Quandaries on Faith

I have been thinking a lot about faith and intelligence lately, namely science and faith and how they relate. I have a history of radical church attendance. At one point in my life, I was "praying" 6 days a week for 12 hour days. My first marriage was a direct result of my believing that God told me to marry my ex, and I remained in the abuse of that marriage for five years because I was convinced God was trying to teach me something.
When I was 27, I moved to Newberg and met a clown turned barista named Curtis. When I asked him to teach me about evolution (something my education was lacking in due to all my science courses being taught from a creationist view point) he handed me a book called The Greatest Show on Earth. I still chuckle at the irony. I read the book ferociously, convinced that the secrets of the universe would now be unveiled to me. Sadly, I was mistaken. I got to the end of the book for the whopping conclusion of, we don't know what happened. I think we know more each day, but as far as having a confirmed answer as to how this all got here, the meaning of life, and the best way to live, well, it's not as black and white as I grew up believing.
One of my boyfriends accused me of being too scientific. He hated that I was constantly asking why. Another accused me of not being scientific enough. He couldn't understand how I could be satisfied with how much mystery I encountered in the universe.
Eventually, I stopped going to church. It started off because of work. I worked every weekend, pulling three part time jobs to make it through my undergrad. And yes, I still have a ton of student debt. Then, I tried to go back to church. But I had spent time with feminists, time with the LGBTQ community and others who were actively questioning their faith. When I tried to ask the questions, the really hard ones about, "Did there have to be an Adam and Eve for there to be a Jesus?", "How could God send someone to hell for loving someone else?," and "Why do I have to submit to someone because they were born with a penis?" the answers weren't there. I was told, I had to take it on faith.
I still look. I cannot, however, bow my knee in allegiance to a faith that is unwilling to accept the evidence they can see and touch, the mysteries of God's creation revealed to those who dare to explore, simply because it does not fit their paradigm of who God should be or how he/or she should behave. I cannot condone the killing or economic enslavement of the other (people or groups that differ from my own) simply because they are not "following God's will." These objections have plagued the church, and many men and women of faith have risen to protest them.
So, while I want to belong to this community, it has been hard to find my place in it. The head and the heart are not separate but belong to the same body, the same person. The idea of spirit is that it belongs to the same being as well. When we dissect our spiritual lives from our physical existence and the world in which we live in, we are no longer in harmony with God nor are we loving our fellow man. This has always seemed self-evident to me.

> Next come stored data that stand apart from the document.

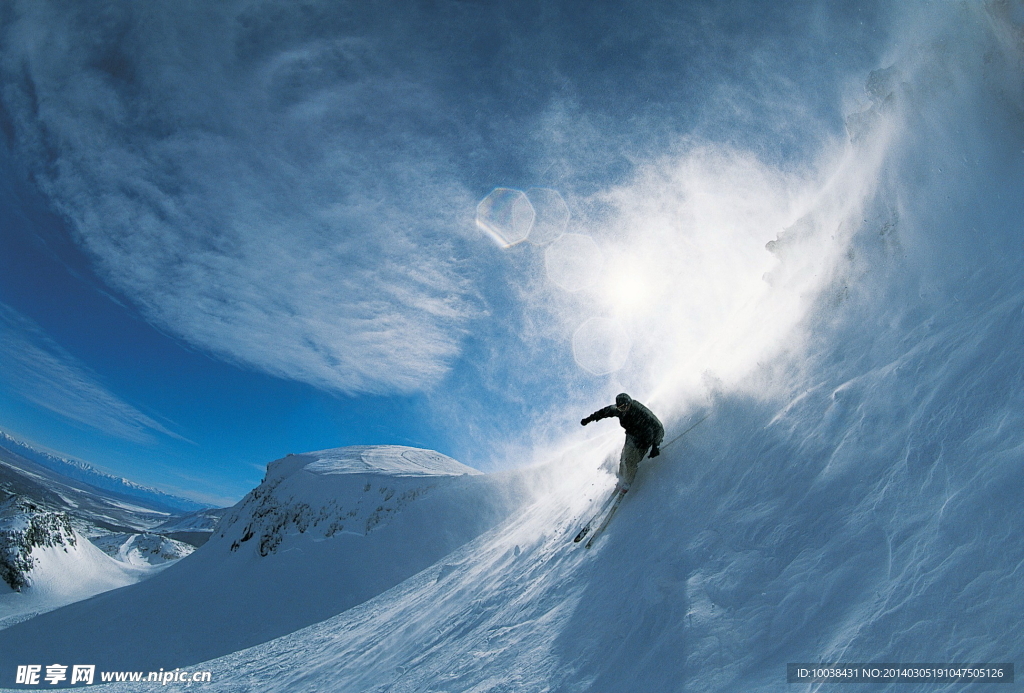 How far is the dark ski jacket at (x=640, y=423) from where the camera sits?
8.28 m

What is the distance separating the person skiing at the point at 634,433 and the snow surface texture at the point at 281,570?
1454cm

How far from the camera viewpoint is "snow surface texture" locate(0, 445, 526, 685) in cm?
1978

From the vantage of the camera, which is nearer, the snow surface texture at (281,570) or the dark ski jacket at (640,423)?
the dark ski jacket at (640,423)

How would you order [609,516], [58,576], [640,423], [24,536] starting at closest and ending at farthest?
[609,516], [640,423], [24,536], [58,576]

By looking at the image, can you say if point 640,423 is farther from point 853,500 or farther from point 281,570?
point 281,570

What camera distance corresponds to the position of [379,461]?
127 feet

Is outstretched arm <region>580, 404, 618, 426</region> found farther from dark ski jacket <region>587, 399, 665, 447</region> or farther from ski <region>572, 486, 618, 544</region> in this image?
ski <region>572, 486, 618, 544</region>

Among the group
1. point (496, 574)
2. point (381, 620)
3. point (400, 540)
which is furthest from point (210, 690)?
point (400, 540)

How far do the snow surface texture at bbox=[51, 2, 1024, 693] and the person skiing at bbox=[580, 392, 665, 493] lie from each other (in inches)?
11.6

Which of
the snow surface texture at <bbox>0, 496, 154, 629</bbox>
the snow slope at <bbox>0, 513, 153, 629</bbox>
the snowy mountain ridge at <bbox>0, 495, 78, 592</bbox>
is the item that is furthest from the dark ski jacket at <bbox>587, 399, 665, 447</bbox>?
the snowy mountain ridge at <bbox>0, 495, 78, 592</bbox>

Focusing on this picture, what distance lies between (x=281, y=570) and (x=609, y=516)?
23.6 m

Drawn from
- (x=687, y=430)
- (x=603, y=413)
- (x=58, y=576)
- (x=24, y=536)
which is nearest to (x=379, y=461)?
(x=58, y=576)

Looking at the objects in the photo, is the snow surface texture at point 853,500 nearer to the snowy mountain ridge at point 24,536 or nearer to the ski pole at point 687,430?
the ski pole at point 687,430

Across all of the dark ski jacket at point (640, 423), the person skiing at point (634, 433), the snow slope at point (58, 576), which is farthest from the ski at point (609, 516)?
the snow slope at point (58, 576) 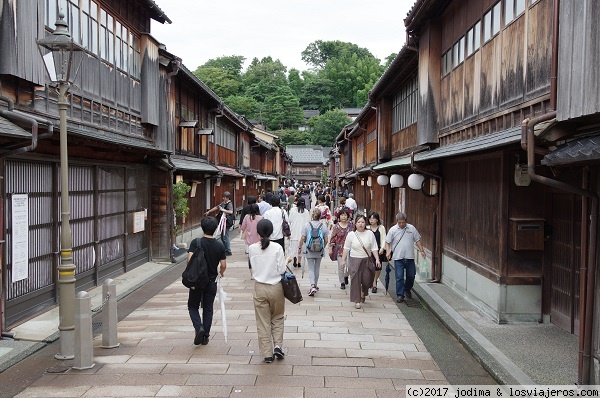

It seems to me the most interesting plot is that of man versus himself. Our own struggles to carve out the meaning of existence, to be the person we wish to be known and remembered as, and to find some joy in life, this is the stuff of legend. The cut and dry answers, the pre-learned party line to placate the earnest question simply will not do. Faith must be experienced and impact everyday living in order to be of any real value.
For the homeless, the foster children, the prisoners, the sick and those struggling to get by, faith must be the spark that begins to cure their ails. And I don't know how, but I will be thinking on it and asking the question until I know the answer. I don't believe Jesus was about giving people a good feeling, but about radical social change. The kind that made the religious establishment of his day so angry that they killed him. For all of the Holy Spirit prayer meetings I have been to, I have yet to experience a society where there were no homeless people, foster kids didn't need to worry about being raped, the sick were all taken care of (without worry of bankruptcy) and those who were struggling to get by knew their neighbor had their back and they would return the favor. That's the kind of shake up I think Jesus was about. How do we get there from here?